Government launches rules-based NPPF; Sheffield funding set out
Ministers have opened a 12‑week consultation on a rewritten National Planning Policy Framework aimed at speeding up decisions and building more homes. In a letter to every council leader and metro mayor in England on 16 December, Housing Secretary Steve Reed set out plans for a clearer, rules‑based approach and described the package as the next phase of reforms to unlock growth.
The draft framework splits policies for plan‑making and decision‑making, a change officials say should make local plans faster to produce and easier to use on the ground. Once the final NPPF is published, any older local plan policies that clash with new national decision‑making policies will carry “very limited weight”, a shift ministers argue will make national policy bite immediately. The consultation runs for 12 weeks, closing on 10 March 2026.
For councils and combined authorities across the North, the signal is clear: prepare now. Although the government will keep national planning policy as non‑statutory for the time being, the letter confirms its significant weight and sets an expectation that authorities already drafting new plans should have regard to the proposals. In practice, this points to quicker determinations for housing and commercial schemes where national policy is onside.
Whitehall will put extra capacity behind this push: £48 million to bolster stretched planning teams, plus a new £8 million pot to accelerate post‑outline decisions on major residential schemes. Of that, £3 million goes to the Greater London Authority to support boroughs, though the bulk of decision‑making funding will be targeted at authorities with a high volume of deliverable applications this Parliament.
One concrete Northern gain is in Sheffield, which has been named alongside Bristol and Lewisham for a £5 million expansion of the Small Sites Aggregator.

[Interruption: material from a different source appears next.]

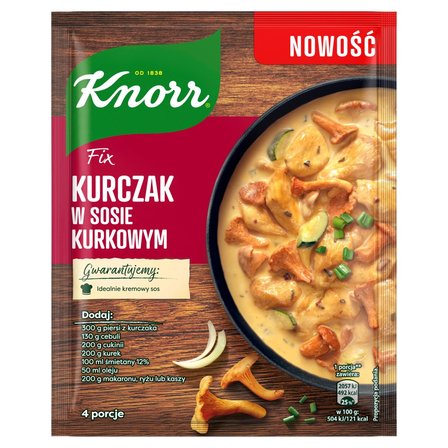 Knorr Fix kurczak w sosie kurkowym 43 g (1)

The programme aims to stitch together up to 60 small brownfield plots for new social rent homes, giving SME builders a clearer pipeline and drawing in private investment where sites would otherwise sit idle.
Town halls are also being invited to help create pattern books of standardised, high‑quality house designs. Ministers say this will let the sector lean on modern methods of construction and new tech such as AI, building confidence for manufacturers to invest and speeding up delivery without cutting corners on quality.
On environmental rules, the government will exempt developments up to 0.2 hectares from biodiversity net gain and consult rapidly on a targeted brownfield exemption, testing site sizes up to 2.5 hectares. Ministers argue this will remove blockages on small and medium sites; environmental groups have already warned the move risks weakening nature protections.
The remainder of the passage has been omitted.